Australia’s big four banks do not have sufficient buffer to save themselves from future financial crises. That makes a call to inject at least A$28 billion as extra capital to stand strong and be at par with the safest global lenders. This has been revealed in a study conducted by Goldman Sachs Group Inc. and Credit Suisse Group AG, which was commissioned by the banking regulator, Australian Prudential Regulation Authority. The report said the four Aussie lenders would need to scale up their capital adequacy ratios by at least 2 percentage points to reach the level of top quartile of global banks.

Test of Strength

The report is an indirect message to the banks concerned, to hike their holdings by at least two percent from the June 2014 level. Capital adequacy ratio reflects the financial strength of a bank and is a reckoner of how much equity it can free up in the case of an emergency or financial crisis. The details revealed in the report said Australia’s biggest banks have capital ratios higher than 11.6 percent median mainatined by 98 lenders it surveyed, but that is still short of the desired 13.3 percent held by the top quartile.

In a way, the Regulation Authority’s report adds better clarity on the factual position of banks, on which a government review in December 2014 said that the banks are having capital levels held by the top 25 percent lenders globally. The APRA report also promises support in setting capital levels, while adding it “does not intend to tightly tie” the requirements to a moving global benchmark.

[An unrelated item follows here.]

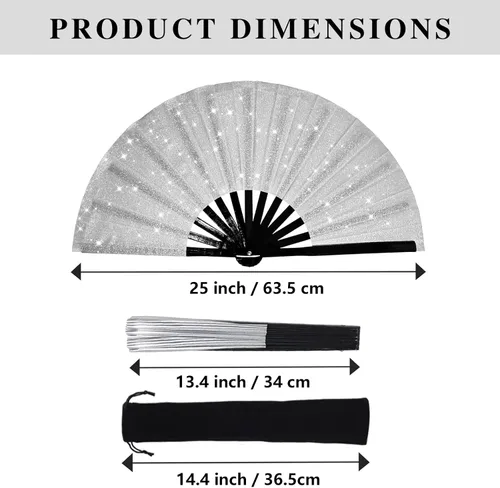 Vista 7 de Large Folding Hand Fans (6pcs) for Line Dancing Plata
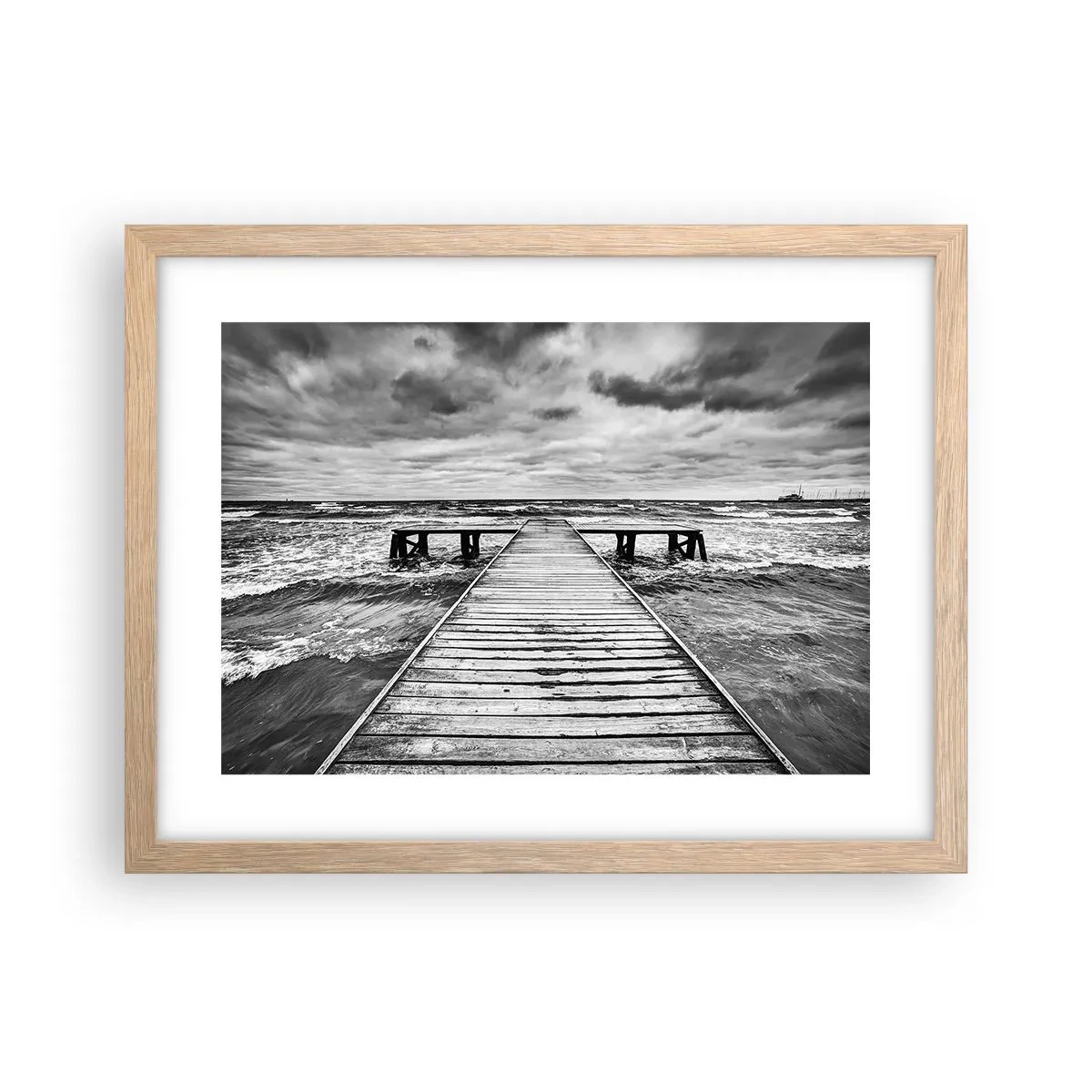 Poster în ramă de stejar deschis - Aștept ca vântul să fugărească... - 40x30 cm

“The APRA removed any ambiguity on their assessment of Australian banks’ capital-adequacy strength,” CLSA’s Sydney-based analysts Brian Johnson and Ed Henning wrote to investors, “Australian banks can no longer state they don’t know."

Side Effect

However, the regulator’s capital infusion proposal had many Bank executives squirm, who warned that wider buffers could force banks to lift lending rates or cut dividends . According to the banking regulator, the study would be advisory in nature and better inform “but not ultimately determine” the rules on capital standards in Australia.

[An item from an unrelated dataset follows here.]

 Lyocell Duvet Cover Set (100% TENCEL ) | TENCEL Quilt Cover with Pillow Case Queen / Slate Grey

The APRA’s study measured the common equity Tier 1 ratios of all the major lenders. They included Australia & New Zealand Banking Group Ltd., Commonwealth Bank of Australia, National Australia Bank Ltd. and Westpac Banking Corp. against global peers. The benchmark global peers in the study were Wells Fargo & Co., HSBC Holdings Plc, JPMorgan Chase & Co. and Royal Bank of Canada. The top quartile positioning was used as “a useful sense check of the strength” of the Australian lenders, APRA said. It said changes to minimum capital requirements were “likely to be less material” for smaller banks, unlike the biggies.